Wenn der Lieferservice der Nettersheimer Hubertus Apotheke künftig nicht nur Arzneimittel an die Haustüre bringt, sondern auch bestellte Bücher, dann kann man von einem Umstand sprechen, den man neudeutsch gerne als Innovation bezeichnet. In der Gemeinde Nettersheim jedenfalls ist dieser Tag nicht mehr allzu fern.

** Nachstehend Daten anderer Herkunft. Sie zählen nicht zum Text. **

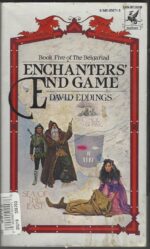 The Belgariad #5: Enchanters' End Game by David Eddings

»Die Buchhandlung vor Ort«, sagt Martin Schwoll, »ist immer auch ein Stück Dorfkultur. Und mit jedem Klickkauf im Internet legt man die Axt an diese Kultur an.« Der Mann muss es wissen. Schließlich führt er recht erfolgreich die Buchhandlung Backhaus in Aachen und betreibt eine Filiale in Burtscheid. Nun wagt sich der Buchhändler, dessen eigentliche Profession die eines Unternehmsberaters ist, tief in die Eifel und eröffnet am Freitag, 12. August, um 10 Uhr im Nettersheimer Literaturhaus eine neue Buchhandlung.
Synergien
Sehr zur Freude von Bürgermeister Wilfried Pracht, der damit nicht nur die Position von Nettersheim als ein wichtiger Literaturstandort in der Region gefestigt sieht. »Wir haben nicht nur das Literaturhaus, das mit seinem Konzept ziemlich einmalig im Lande ist, sondern bieten auch seit 11 Jahren erfolgreich unsere Reihe Literatour an und sind Standort der Lit.Eifel.« Durch die Ansiedlung der neuen Buchhandlung Backhaus auf einer Fläche von rund 32 Quadratmetern verspricht sich Pracht Synergien mit den anderen wichtigen Bereichen Natur und Kultur. Wie solche Synergien aussehen können, zeigt eine Lösung, die Pracht und Schwoll noch vor der Eröffnung in einem Gespräch austüftelten. »In einem dünnbesiedelten Gebiet wie der Eifel«, hatte der Buchhändler erkannt, »werden sich die Leute in der Regel ihre Bücher durch die bekannten Internetriesen ins Haus liefern lassen.«
Lieferservice
Vor diesem Hintergrund erhielt er von Pracht den Tipp, doch bei der benachbarten Apotheke einmal nachzufragen, ob die nicht Interesse hätte, neben Medikamenten auch bestellte Bücher auszuliefern. Dort zeigte man sich von dem Gedanken durchweg angetan. »Das ist ein Beispiel für die Möglichkeiten, die mich für Nettersheim so interessiert haben«, zeigte sich Schwoll, der die Räumlichkeiten für zehn Jahre gemietet hat, begeistert. Er ist überzeugt, mit seiner Philosophie auch in Nettersheim Erfolg haben zu können. In Aachen habe es seine Buchhandlung immerhin geschafft, im vergangenen Jahr ein zweistelliges Umsatzplus zu erwirtschaften. Er begreift seine Buchhandlungen als eine Agora, einen Marktplatz, auf dem die Kunden sich wohlfühlen sollen. Um diese Agora auch in Nettersheim aufbauen zu können, kann er und seine Frau vor Ort, Brigitte Crump-Schooß, die Räumlichkeiten des Literaturhauses mit nutzen.
Büchergilde
Das Angebot werde sich abseits des Mainstreams bewegen und auch das interessante Angebot der Büchergilde beinhalten. »Ausschlaggebend ist jedoch die Herzlichkeit den Kunden gegenüber«, so Schwoll, der ankündigte, in Nettersheim auch einen Ausbildungsplatz zu schaffen. Den Kontakt zu dem Aachener Bücherhändler stellte übrigens die Bibliothekarin Dr. Kerstin Wolff her. Sie hatte noch unter ihrem Mädchennamen Juchem entscheidend an der Realisierung des Literaturhauses mitgewirkt und war dann in Mutterschutz gegangen. Nach der Geburt von zwei Kindern wird sie am 12. September wieder an ihre alte Wirkungsstätte zurück kehren.